[Data provided Boundary: Start]
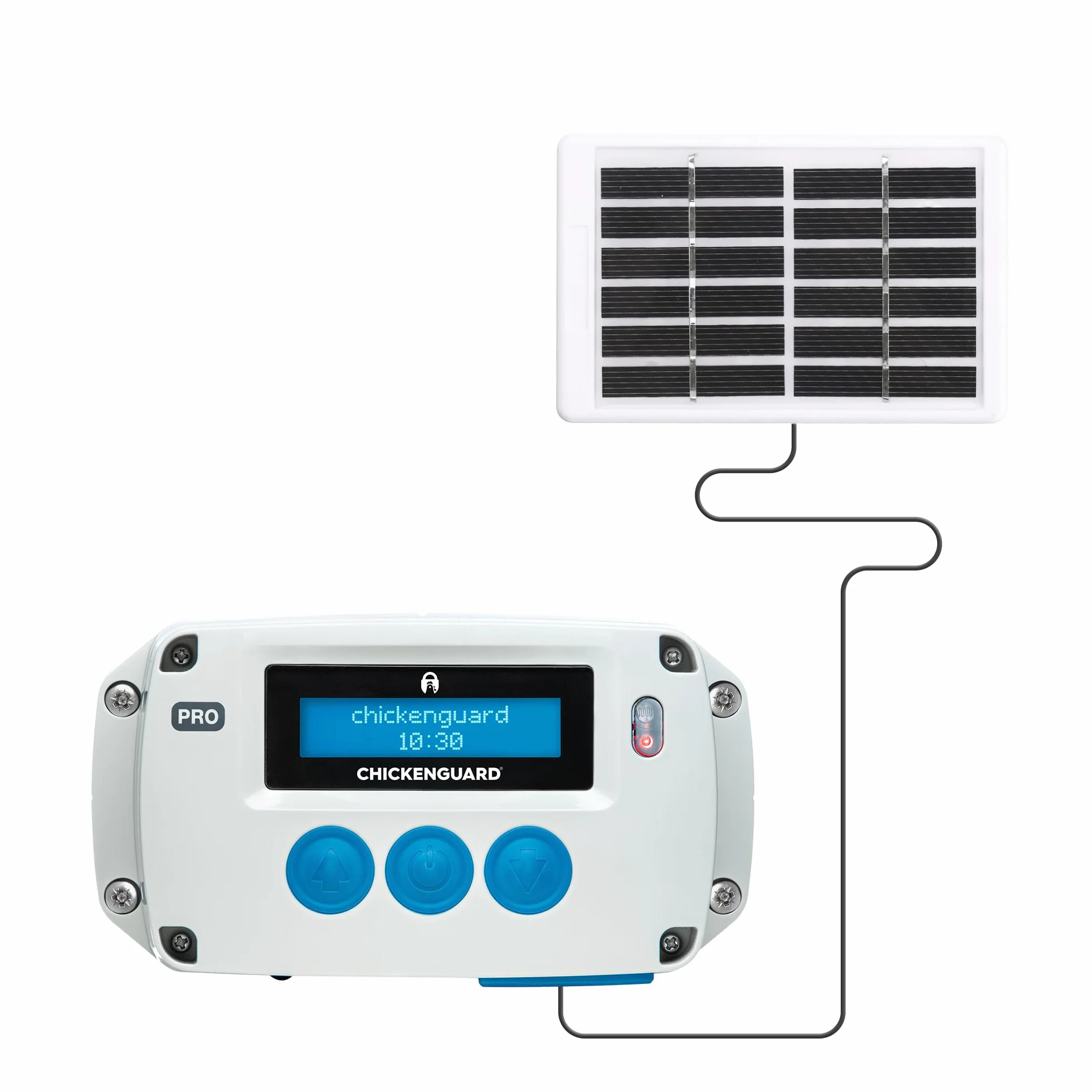 Automatyczne otwieranie drzwi kurnika, timer ChickenGuard "PRO Solar" / czujnik światła, mocny silnik podnosi drzwi/klapy do 2 kg, zestaw paneli słonecznych w zestawie (drzwi nie są dołączone)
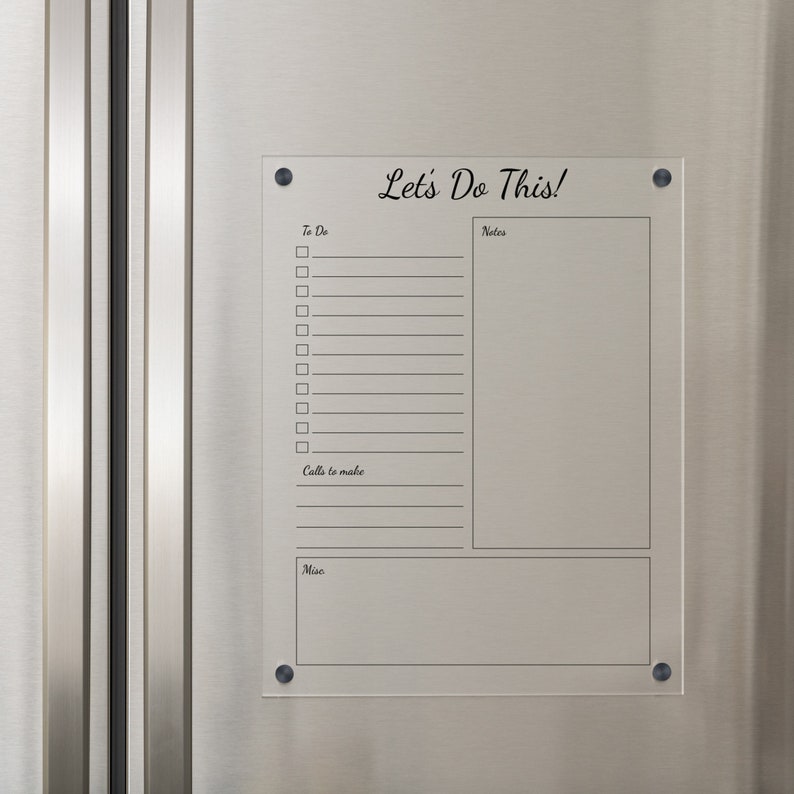 May include: White dry-erase board with black lettering that says "Let's Do This!" The board is divided into three sections: To Do, Notes, and Misc. Each section has lines for writing.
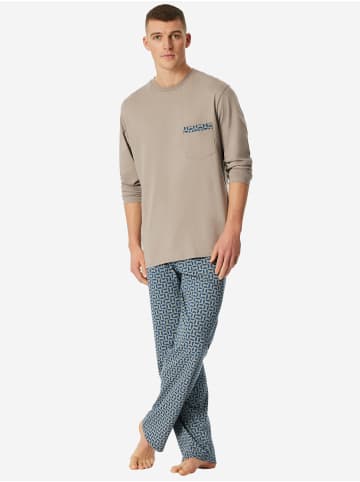 Schiesser Pyjama Comfort Nightwear in braungrau
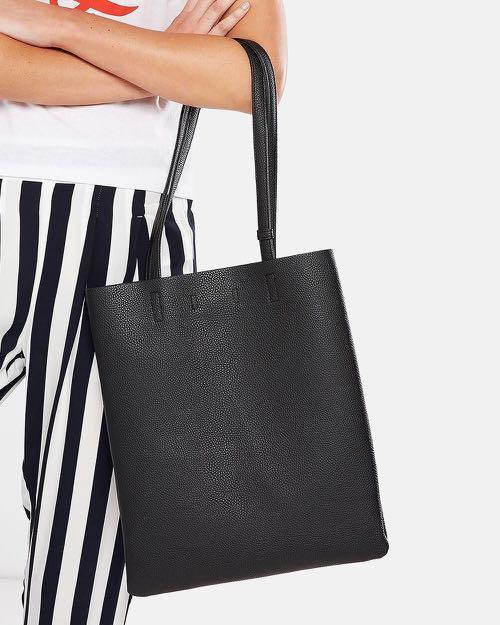 Rubi Black Tote Bag, Women's Fashion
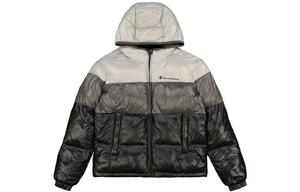 Куртка Letter Colorblock с капюшоном, свободного кроя, пуховая, US Version, унисекс Champion, черный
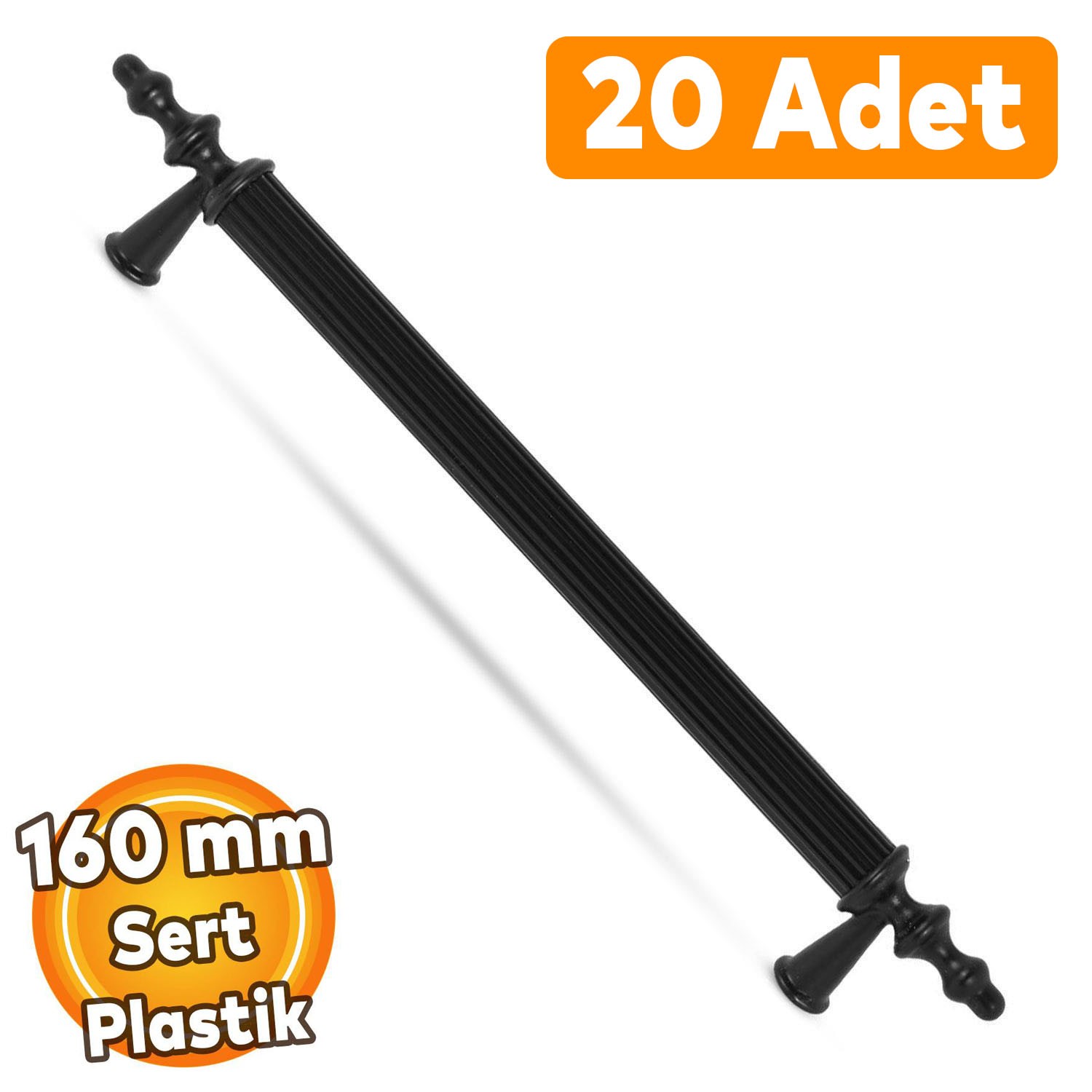 (SERT PLASTİK) 20 Adet Polavit 160 Mm Siyah Mobilya Mutfak Çekmece Dolap Dolabı Kulpu Kulbu Kulpları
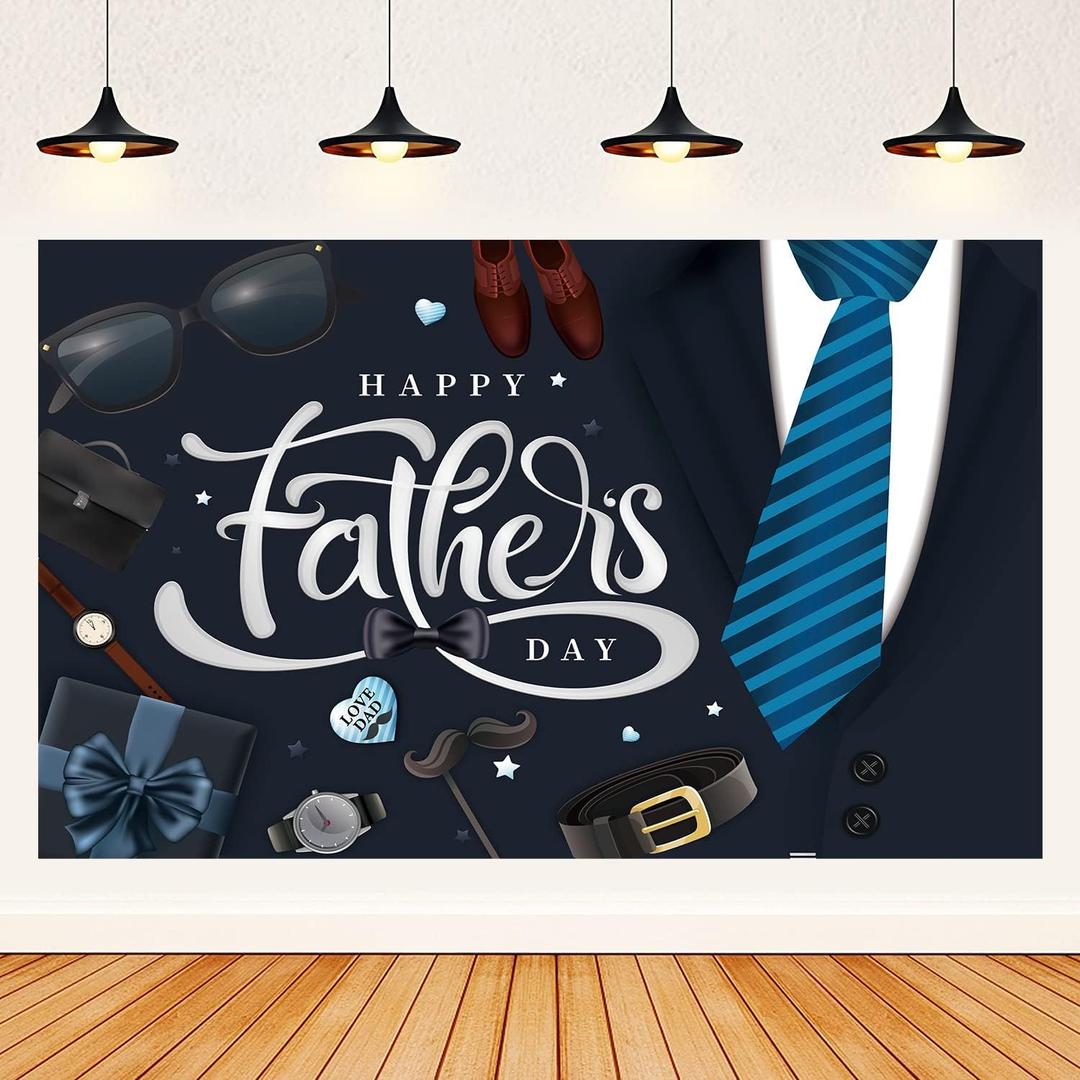 Happy Fathers Day Banner Backdrop, Happy Fathers Day Decorations Backdrop for Party, Father's Day Party Decorations Supplies, Fathers Day Photo Backdrop Portrait Studio Props 72x44 inches-Black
[Data provided Boundary: End]
How to complete this task
Each record above has to be written out again in full, but its pictures must not be.

Answer to the exercise
 Automatyczne otwieranie drzwi kurnika, timer ChickenGuard "PRO Solar" / czujnik światła, mocny silnik podnosi drzwi/klapy do 2 kg, zestaw paneli słonecznych w zestawie (drzwi nie są dołączone)
 May include: White dry-erase board with black lettering that says "Let's Do This!" The board is divided into three sections: To Do, Notes, and Misc. Each section has lines for writing.
 Schiesser Pyjama Comfort Nightwear in braungrau
 Rubi Black Tote Bag, Women's Fashion
 Куртка Letter Colorblock с капюшоном, свободного кроя, пуховая, US Version, унисекс Champion, черный
 (SERT PLASTİK) 20 Adet Polavit 160 Mm Siyah Mobilya Mutfak Çekmece Dolap Dolabı Kulpu Kulbu Kulpları
 Happy Fathers Day Banner Backdrop, Happy Fathers Day Decorations Backdrop for Party, Father's Day Party Decorations Supplies, Fathers Day Photo Backdrop Portrait Studio Props 72x44 inches-Black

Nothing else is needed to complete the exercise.